A opressão é passageira. A liberdade é eterna. A mentira tem prazo de validade. A verdade persiste inclusive para contar o fim da história. O mandato presidencial tem quatro anos, podendo ser renovado por mais quatro. Mas mesmo oito anos não são suficientes para que se deturpe a verdade. O Brasil não tem lugar para Nero. Muito menos para Goebbels. O sinônimo de imprensa livre é virtude.

Leia a seguir o editorial da Folha de S.Paulo, reproduzido por todos os que acreditam que, mais dia menos dia, o usurpador de direitos voltará a ter três gemas sem brilho na velha farda mofada, jogada a um canto do armário.

O Palácio do Planalto não é uma extensão da casa na Barra da Tijuca que o presidente mantém no Rio de Janeiro. Nem os seus vizinhos na praça dos Três Poderes são os daquele condomínio.

A sua caneta não pode tudo. Ela não impede que seus filhos sejam investigados por deslavada confusão entre o que é público e o que é privado. Não transforma o filho, arauto da ditadura, em embaixador nos Estados Unidos.

Sua caneta não tem o dom de transmitir aos cidadãos os caprichos da sua vontade e de seus desejos primitivos. O império dos sentidos não preside a vida republicana.

Quando a Constituição afirma que a legalidade, a impessoalidade e a moralidade governam a administração pública, não se trata de palavras lançadas ao vento numa “live” de rede social.

A Carta equivale a uma ordem do general à sua tropa. Quem não cumpre deve ser punido. Descumpri-la é, por exemplo, afastar o fiscal que lhe aplicou uma multa. Retaliar a imprensa crítica por meio de medidas provisórias.

Ou consignar em ato de ofício da Presidência a discriminação a um meio de comunicação, como na licitação que tirou a Folha das compras de serviços do governo federal publicada na última quinta (28).
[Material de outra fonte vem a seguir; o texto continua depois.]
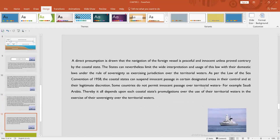As per the Law of the Sea Convention of 1958, the coastal states can suspend innocent passage in certain designated areas in their control and at their legitimate discretion. For example, Saudi Arabia does not allow innocent passage over the territorial waters absolutely. So thereby, it all depends upon each coastal state's laws and promulgations over the use of territorial waters and exercise of sovereignty over the territorial waters.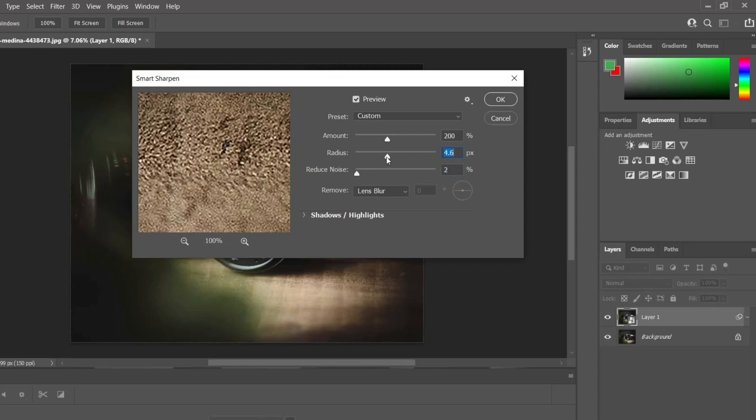Increase the radius value until you see halo effects along sharp edges, then reduce it just enough to remove the halos.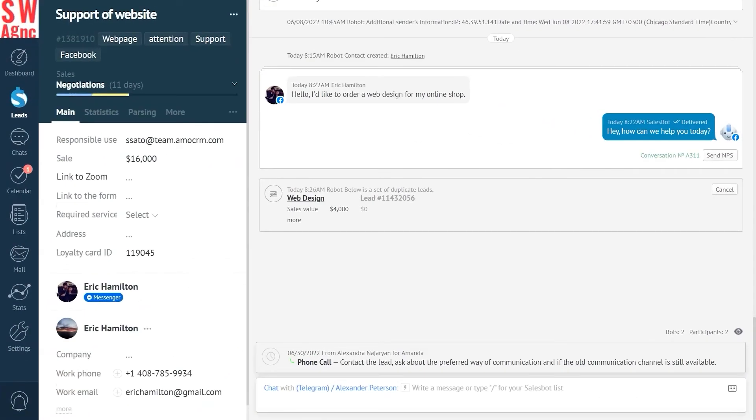Now we're looking at the lead card of an older customer with the same loyalty card ID who purchased from us a while ago. Notice the loyalty card ID number. It's the same.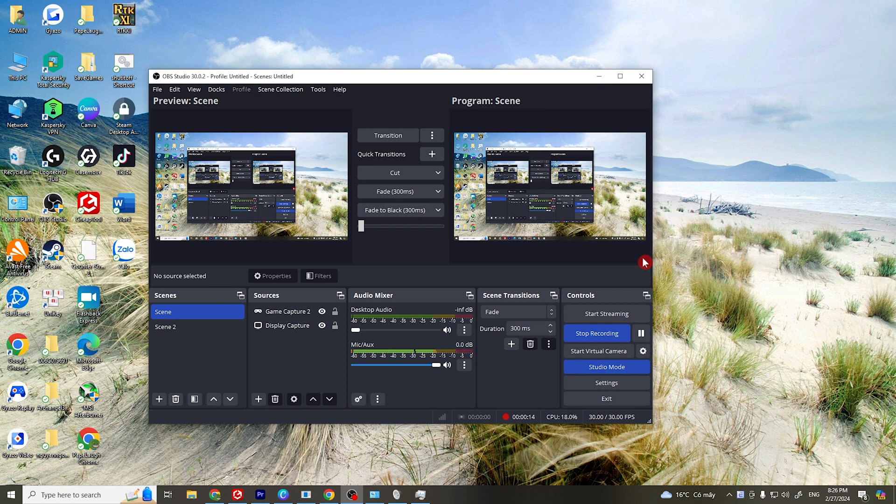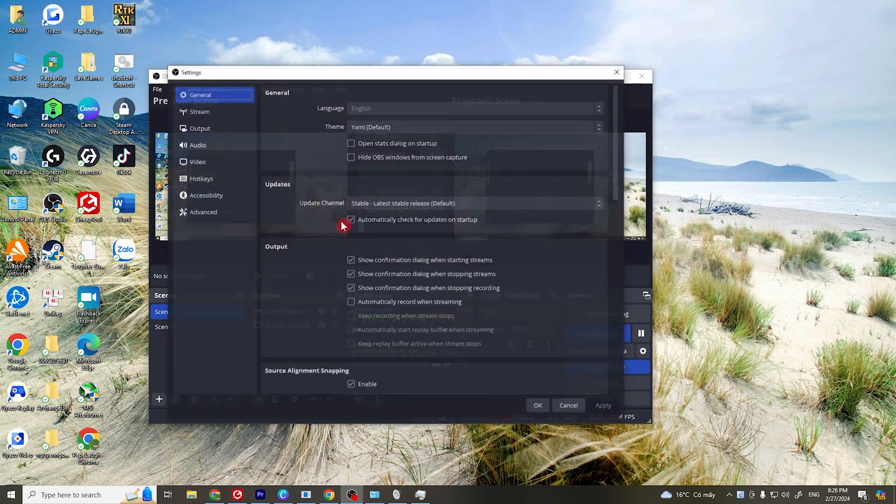The first thing you want to check is if OBS is actually picking up your audio device. Head over to settings, then audio. From here, make sure that these are correctly set to the device you are using.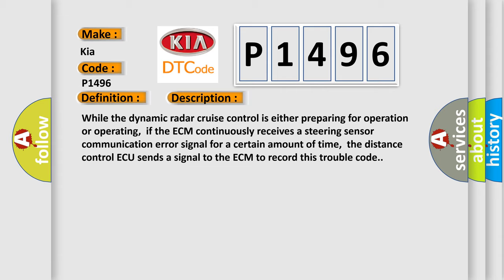if the ECM continuously receives a steering sensor communication error signal for a certain amount of time, the distance control ECU sends a signal to the ECM to record this trouble code.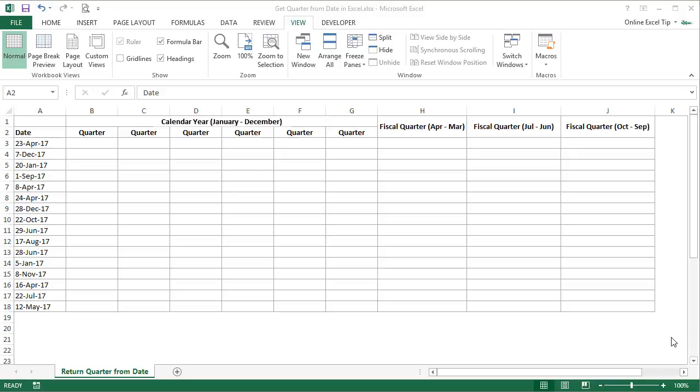Hello and welcome to the Online Excel Tip YouTube channel. I am Anil Davan and in this video tutorial, I will show you how to get the quarter from a date in Excel with different ways. You can download this Excel file from the link given in the description box, and if you like this tutorial, please subscribe to my channel and get regular updates.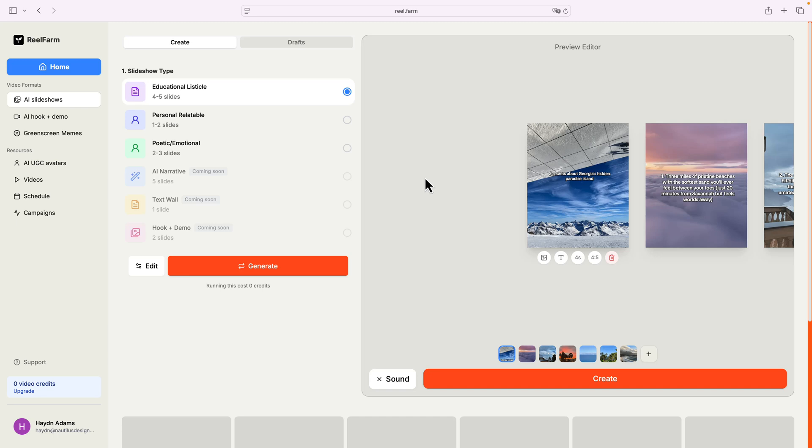What's happening, everybody, this is Hayden Adams. I discovered an awesome way to build Instagram Reels via AI, and it's through reel.farm.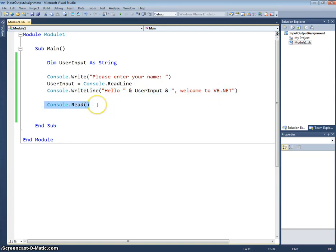Finally, a little console.read on the end just to pause so that our console doesn't disappear straight away without us having the chance to see what was displayed.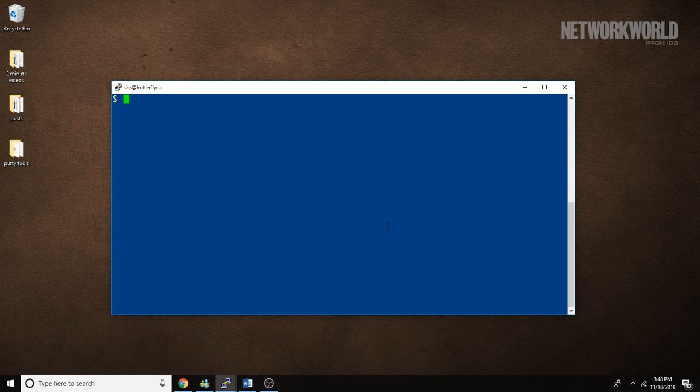Say you had a file containing plain text passwords and suddenly realized that this really wasn't such a bright idea, so you want to remove it from your system, but you want to be really sure that it can't be recovered. So instead of using the RM command, you might use a shred command like this one.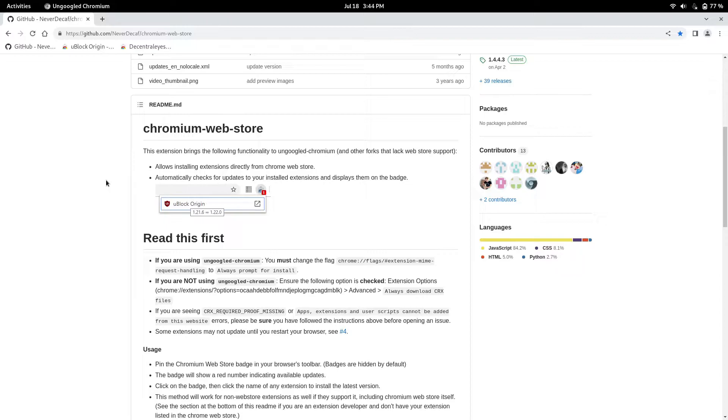Now the reason why you don't see the install button is because ungoogled Chromium doesn't have Google, so it won't have that install button, but you can add it back with this app.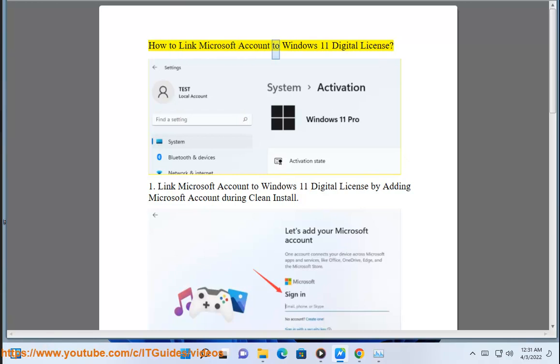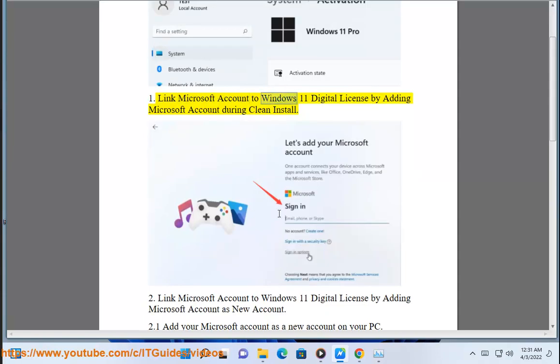How to link a Microsoft account to a Windows 11 Digital License. Method 1: Link your Microsoft account to the Windows 11 Digital License by adding your Microsoft account during a clean install.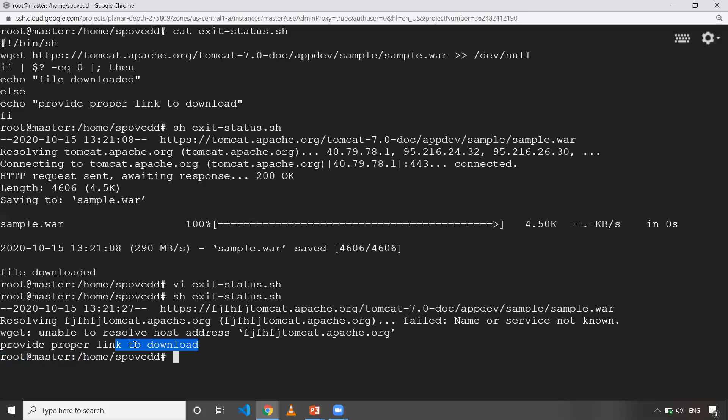You can make use in your shell scripting. You can see whether the previous command is executed successfully or not, so that you can take a decision to run further commands or not. This is what the exit status is in Linux or Unix flavors of machines.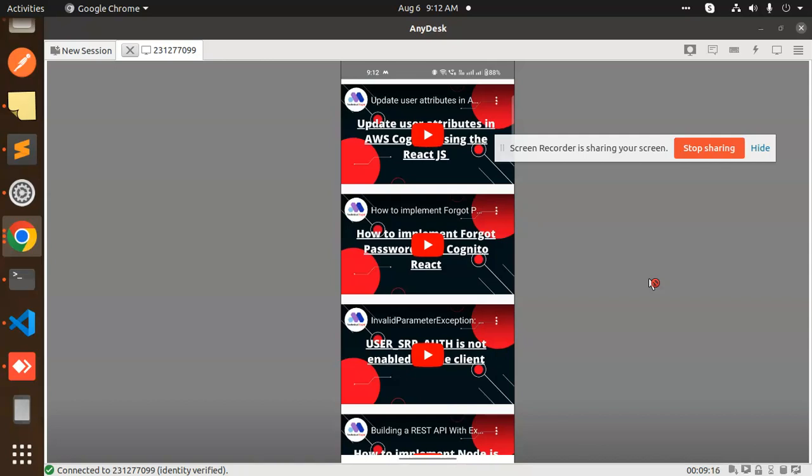This is how we are able to integrate the YouTube player into your React Native application in the form of a FlatList or a single video. Any doubt or query, let me know in the comment section. Thank you so much for watching this video. Have a great day.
Igualmente, incitar um boicote contra anunciantes deste jornal, como sugeriu Bolsonaro nesta sexta-feira (29), escancara abuso de poder político.

A questão não é pecuniária, mas de princípios. O governo planeja cancelar dezenas de assinaturas de uma publicação com 327.959 delas, segundo os últimos dados auditados. Anunciam na Folha cerca de 5.000 empresas, e o jornal terá terminado o ano de 2019 com quase todos os setores da economia representados em suas plataformas.

Prestes a completar cem anos, este jornal tem de lidar, mais uma vez, com um presidente fantasiado de imperador. Encara a tarefa com um misto de lamento e otimismo.

Lamento pelo amesquinhamento dos valores da República que esse ocupante circunstancial da Presidência patrocina. Otimismo pela convicção de que o futuro do Brasil é maior do que a figura que neste momento o governa.

Jair Bolsonaro não entende nem nunca entenderá os limites que a República impõe ao exercício da Presidência. Trata-se de uma personalidade que combina leviandade e autoritarismo.

Será preciso então que as regras do Estado democrático de Direito lhe sejam impingidas de fora para dentro, como os limites que se dão a uma criança. Porque ele não se contém, terá de ser contido —pelas instituições da República, pelo sistema de freios e contrapesos que, até agora, tem funcionado na jovem democracia brasileira.